He says he's lucky that someone gave him a second chance, but he says many people with criminal records pay for life.
"You can't build a family. You can't buy a home. You can't get a car. You can't do anything. The temptations are extreme to think this is a hopeless situation."
Research shows the inability to find a job is the single biggest factor in determining whether someone will re-offend. It's why Rep.'s Leslie Herod (D-Denver) and Jovan Melton (D-Aurora) introduced a bill to ban questions about criminal history on job applications.
"When we have people that aren't able to at least meet those basic needs," said Melton, "they end up turning back to a life of crime and we don't want to see that happen."
The lawmakers say 1.5 million people in Colorado have criminal records.

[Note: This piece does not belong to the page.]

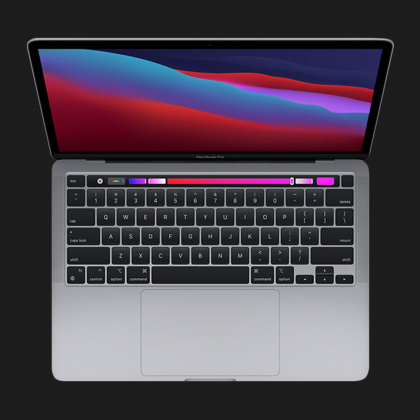 Apple MacBook Pro 13, 512GB, Space Gray with Apple M1 (Z11C000E4) 2020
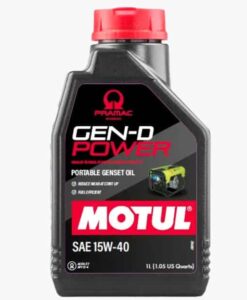 Масло MOTUL GEN-D POWER 15W40 1L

"They are walking around with a scarlet letter for the rest of their lives regardless of what they've done to make amends, and that's not the way we need to go as a society," said Herod.
The bill still allows employers to run background checks and ask about criminal history in interviews, but it gives those like Dybing a foot in the door.
"There is no forgiveness in our nation right now and this is one small step towards forgiveness, towards knowing that people can change their lives."
Criminal history questions are already banned on state government applications and 12 other states have passed similar laws. While the bill has failed twice before at the State Capitol, this year it has support from lawmakers on both sides of the aisle and no opposition from business groups.
It is a first step by lawmakers to help people with criminal records rebuild their lives. There will also be a bill this session to remove criminal history questions on college applications.
The bill passed its first hurdle in the House Judiciary Committee, 8-3, Tuesday night.